Cambodia prepares biggest handout of mosquito nets to beat malaria
The government said Wednesday millions of at-risk Cambodians would be given mosquito nets in a significant effort to prevent malaria, DPA reported.
Dr Char Meng Chuor, the director of the National Center for Malaria Control, said authorities would start distributing 2.7 million nets treated with insecticide next month.
He expected the programme would take a month and cost 12 million dollars, paid for by the Global Fund.
"This is our biggest distribution (of mosquito nets) and covers all of the high-risk areas of 2.5 million people in 4,079 villages," Char said.
The distribution is part of Phnom Penh's strategy to eliminate malaria by 2025.
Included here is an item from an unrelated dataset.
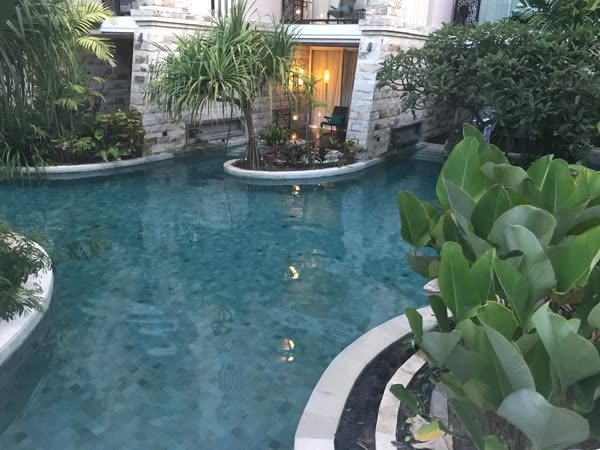 Lagunenpool mit direktem Zugang von den Zimmern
The World Health Organization, which is providing technical assistance, said deaths from the mosquito-borne disease halved between 2009 and 2010 to around 135.
"And we are optimistic it will be lower this year," said Dr Najibullah Habib, the project manager at WHO's malaria containment programme.
He said Cambodia had a cultural acceptance of using bed nets, and cited a 2009 distribution of several hundred thousand nets to one high-risk area which resulted in a rapid reduction in malaria cases.
In June, the Global Fund to Fight AIDS, Tuberculosis and Malaria announced it had distributed 190 million insecticide-treated bed nets worldwide since 2003. It said 70 million of those had been handed out in the previous 12 months.